Video comprehension questions:
- What does using makeup show in a professional, according to Rebecca?
- Is Shona wearing any makeup during the interview?
- According to Shona, are there occasions in which it is ok to wear makeup?
- Who said: “It would be great if it became fashionable NOT to wear makeup”?
- According to Charlotte, What does Makeup represent for women?
- How old are Shona’s daughters?
- Would Rebecca hire someone without makeup? Why?
- According to Shona, what would she focus in during a meeting with a woman who is not wearing any makeup?
- Which institutions made the studies discussed in the interview?
- Which artist announced publicly that she was not going to wear makeup anymore?
Potential debating topics for use in class:
- No one should wear any kind of makeup to work at all, that way everyone would be judged merely on their abilities and professional merits. No exceptions.
- Young girls shouldn’t be allowed to wear any makeup until they become 18, in order to avoid any kind of social pressures. After they turn 18, they will be allowed to wear anything they want.
- Makeup is indeed a powerful weapon especially for women who are “less beautiful”, so they can compete with those who are naturally beautiful in a professional setting.

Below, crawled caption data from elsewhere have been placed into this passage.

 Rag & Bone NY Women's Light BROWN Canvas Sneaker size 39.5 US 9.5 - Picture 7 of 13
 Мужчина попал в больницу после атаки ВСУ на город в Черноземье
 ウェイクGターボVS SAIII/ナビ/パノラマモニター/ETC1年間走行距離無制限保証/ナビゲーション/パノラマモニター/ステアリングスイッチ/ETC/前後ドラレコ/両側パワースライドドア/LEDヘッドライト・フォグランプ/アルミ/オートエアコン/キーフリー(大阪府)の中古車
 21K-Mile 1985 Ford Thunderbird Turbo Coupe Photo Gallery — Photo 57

- So what if some women use makeup to get benefits at work? The working environment is a constant competition, so the use of any means necessary should be accepted.

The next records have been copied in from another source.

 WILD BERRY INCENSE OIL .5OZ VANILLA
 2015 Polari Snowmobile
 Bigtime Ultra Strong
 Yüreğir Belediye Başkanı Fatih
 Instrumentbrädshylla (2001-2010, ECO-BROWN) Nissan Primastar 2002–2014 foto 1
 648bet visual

- Young girls should adapt to how the real world is from very early, so they should be told that they are expected to wear makeup to get to places in the working environment. It might not be the ideal, but it is how the world works: shouldn’t we be preparing them for that?
- This is a pointless debate: Women have been working for the last 50 years in order to have the same rights as men; of course they don’t have to wear any makeup in order to get the same benefits as men! It’s obvious!
- What if women just want to wear makeup at work in order to feel and look nice and people are just misinterpreting this as a means to escalate positions in the corporate ladder?
- If a woman is having a difficult time in her life, having to take care of a large family depending solely on her income and she believes that wearing makeup will allow her to reach higher places and get better benefits for her family, can you really judge her?
- This debate is just an outcry of ugly women: if they are actually that good and professional, why do they worry so much about the women who are wearing makeup?
- Is there no middle ground in this debate? Can you think of a reasonable position that could balance both sides as best as possible?
It’s up to you now
Working women have gone through a lot in order to have equal rights at the workplace, should this discussion split them? The controversy is up for grabs, but reaching a reasonable middle point of view that works for everyone is certainly the healthiest thing to do. If women want to wear makeup they should do it because they want it, not because they have to do it. Nevertheless, the fact that they wear makeup shouldn’t be automatically considered as a desire to get a boost in the professional field, but who can establish such a fine difference in a topic that is moved by so many subjective opinions and impressions?